Stripper case highlights law gap
The Employment Relations Authority recently issued its decision in a case brought by two former dancers at Calendar Girls Christchurch, Jessica Clifford and Tineill Hamilton-Redmond, against the establishment’s owner, Casino Bar Ltd.
The claim arose after Clifford and Hamilton-Redmond’s shared flat was broken into in September 2017. As a result of having to visit the police station to make a complaint, neither dancer reported to work that night.
This resulted in Clifford being told that she had been fired and having her pay docked. Hamilton-Redmond resigned around the same time after she was left off the roster. She also queried the whereabouts of money she believed was owed to her.
Unfortunately for the dancers, the authority decided they were independent contractors, and therefore refused to hear their claim of unjustified dismissal. In this regard the authority’s decision that they were not employees, meant that the relationship between them and Calendar Girls was outside the authority’s jurisdiction which is limited to employment matters.
The authority’s decision makes for interesting reading – particularly what it reveals about the strict set of rules that strippers working at Calendar Girls are required to abide by.
For example, the dancers must wear matching lingerie that implies ‘‘sexiness and sensuality’’, there are rules about certain clothing items having to be removed during a performance, and it is mandatory for dancers to work either Christmas Eve or New Year’s Eve.
Another significant aspect of the arrangement is an extensive fine system that applies where there are any breaches of Calendar Girls’ rules, including $2500 for working at another strip club or agency.
Ultimately though, a key factor that led to the authority’s conclusion that the dancers were not employees, was that they were able to choose their own look and choreograph their performance.
Although the authority accepted that the dancers were very much junior partners in their relationship with Calendar Girls, it considered the situation to be akin to a co-dependent commercial relationship.

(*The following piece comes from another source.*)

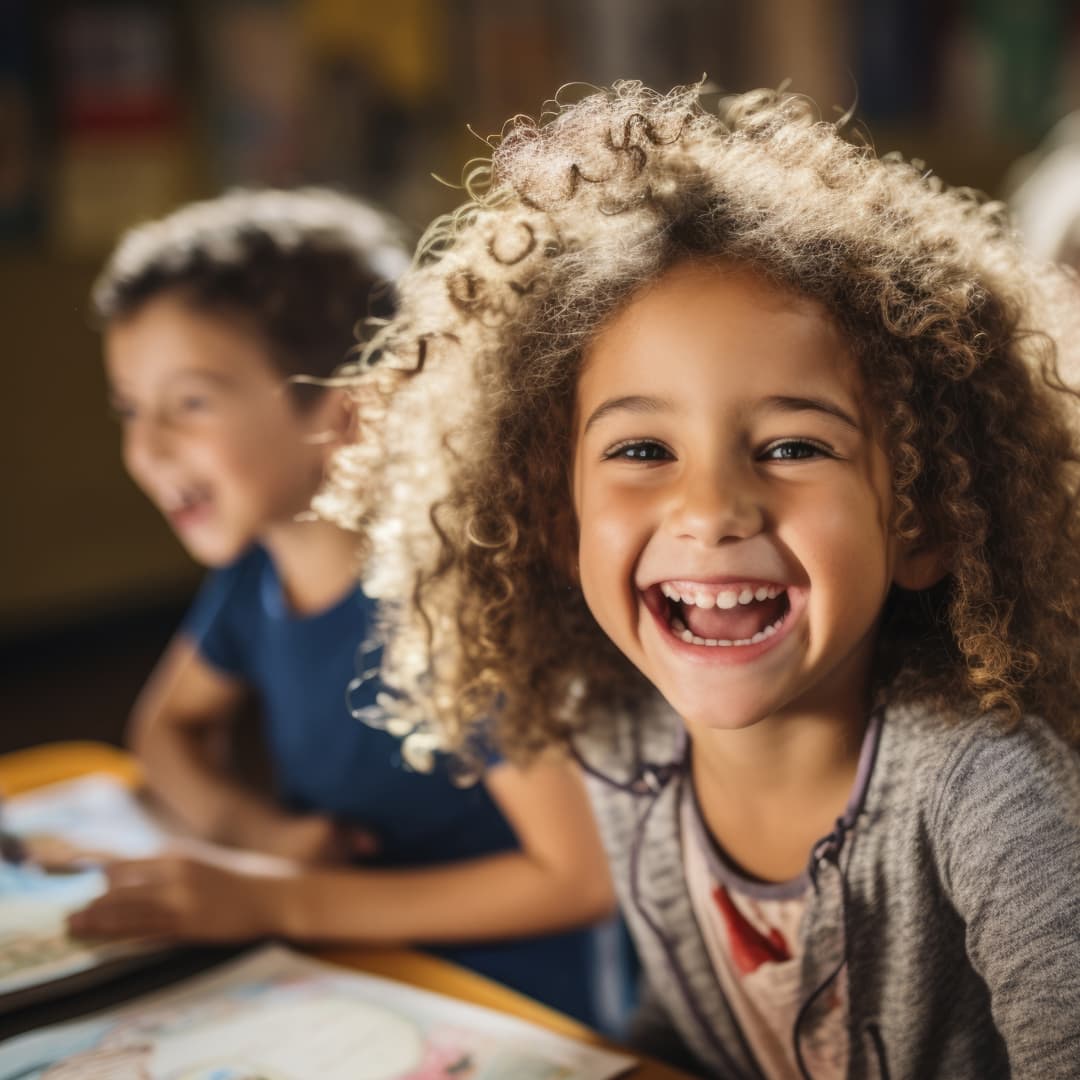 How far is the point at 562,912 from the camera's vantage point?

The authority ruled that there were certain aspects of the relationship which could be viewed either as consistent with a contractor or an employee relationship. But on balance there were more factors consistent with the former. Interestingly, the authority noted that it had to make a ‘‘binary’’ choice between finding that the women were either contractors or employees, and there was nothing in between.
This highlights the current legal situation in New Zealand whereby employees have significant legal rights (such as sick leave), and contractors have very few.
In the case of independent contractors, their rights and entitlements depend on what they have agreed with the other party. That is not to say there are no benefits to being a contractor, and often it is financially lucrative. However, it is fair to say that from a legal perspective, independent contractors will generally be in a more vulnerable position than employees in terms of job security and their ability to access minimum entitlements.
This black and white distinction can give rise to unfairness, and arguably the case of Clifford and HamiltonRedmond would fall into this category.
It is cases like this that have led the Government to announce that it is reviewing the situation of workers who fall into a third category, of ‘‘dependent contractors’’ – somewhere between contractor and employee.
The plight of Clifford and Hamilton-Redmond – who had a relatively limited ability to negotiate reasonable working conditions with the strip club – highlights the need for recognition of this third category of worker.
Without the safety net that otherwise comes with employment status, the potential for these types of workers to be exploited is high. Unfortunately for Clifford and HamiltonRedmond, any change in the law in this area will come too late.
In New Zealand, employees have significant legal rights, and contractors have very few.